Add a TUN/TAP receive mode that exercises the napi_gro_frags()
interface. This mode is available only in TAP mode, as the interface
expects packets with Ethernet headers.

Furthermore, packets follow the layout of the iovec_iter that was
received. The first iovec is the linear data, and every one after the
first is a fragment. If there are more fragments than the max number,
drop the packet. Additionally, invoke eth_get_headlen() to exercise flow
dissector code and to verify that the header resides in the linear data.
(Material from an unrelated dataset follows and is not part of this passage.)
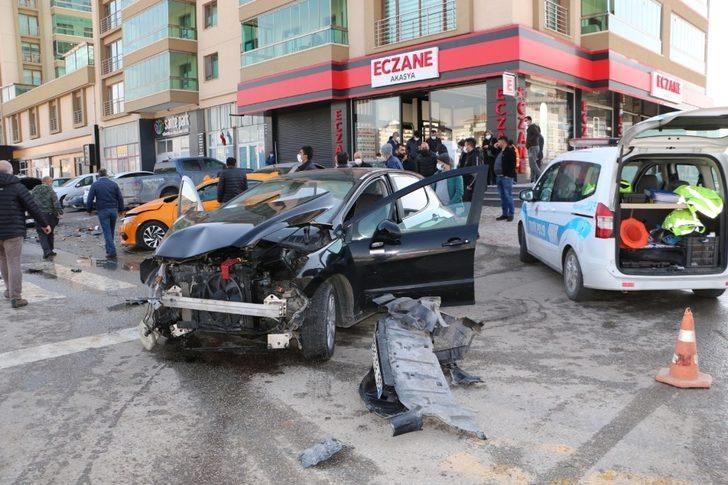 Başkentte feci kaza: 3 yaralı G3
The napi_gro_frags() mode requires setting the IFF_NAPI_FRAGS option.
This is imposed because this mode is intended for testing via tools like
syzkaller and packetdrill, and the increased flexibility it provides can
introduce security vulnerabilities. This flag is accepted only if the
device is in TAP mode and has the IFF_NAPI flag set as well. This is
done because both of these are explicit requirements for correct
operation in this mode.

Signed-off-by: Petar Penkov <peterpenkov96@gmail.com>
Cc: Eric Dumazet <edumazet@google.com>
Cc: Mahesh Bandewar <maheshb@google.com>
Cc: Willem de Bruijn <willemb@google.com>
Cc: davem@davemloft.net
Cc: ppenkov@stanford.edu
---
 drivers/net/tun.c           | 131 ++++++++++++++++++++++++++++++++++++++++++--
 include/uapi/linux/if_tun.h |   1 +
 2 files changed, 126 insertions(+), 6 deletions(-)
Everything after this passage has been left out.